The Persistence of Memory
The Persistence of Memory was painted by Salvador Dali in 1931 and is one of his most famous works. It depicts a scene showing pocket watches, detached from their chains, melting slowly on rocks and branches of a tree, with the ocean as a back drop. There are four watches in this painting, three of which appear to be molten, as if made out of cheese. The only watch whose structure doesn't appear to be malformed - unlike other watches it is orange in color - is sitting on a desk-like object. The ants seem to have found a point of interest in the center of the orange watch. A part of the painting is placed in sunlight and a part is shrouded in a shadow. Looking carefully you can see too small rocks, one in the sunlight and the other in the shadow. The melting watches points to time being flowing and eternal, whereas the hard rocks are the reality of life and the ocean represents the vastness of the earth. There is an orange clock covered with ants.
Salvador Dali used the symbolism to convey the decay of time or death.
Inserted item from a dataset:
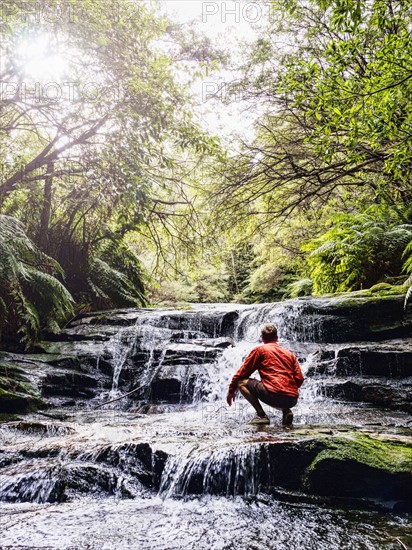 Australia, New South Wales, Katoomba, Man wading in Leura Cascade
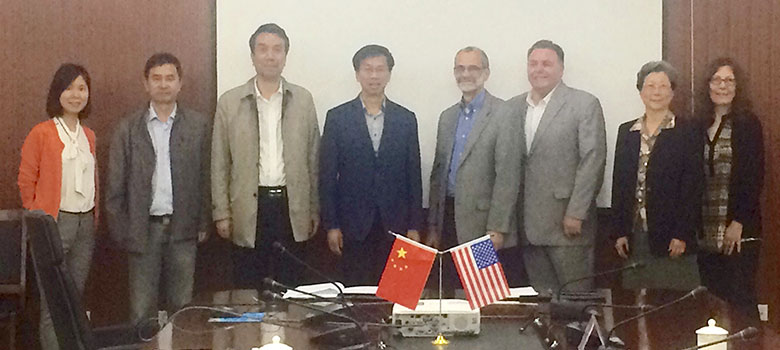 Former president and current board chair Victor Zhou, current president Wu Chundu to the left of Jeff Wagnitz. Lui Liu Director of International Exchange for YPU and Highline alum on left.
The strange human figure in the center could be interpreted, as a formless person we would imagine, while we are in a dreamlike trance. The painting is nothing more than a collection of ideas that are to do with the interpretation of dreams, perception of reality, time, birth and death. The ants, attacking the orange clock positioned on the rectangular table-like object perhaps indicate the anxiety associated with time. And what are the origins of our anxieties associated with time? Is it being too late for work? Or is it not having completed or accomplished something before we die? Whether we are aware of it or not, it is reasonable to believe that we all understand, even if only on subconscious level that someday we are going to die. This psychology and understanding of the reality of death may configure our behavior.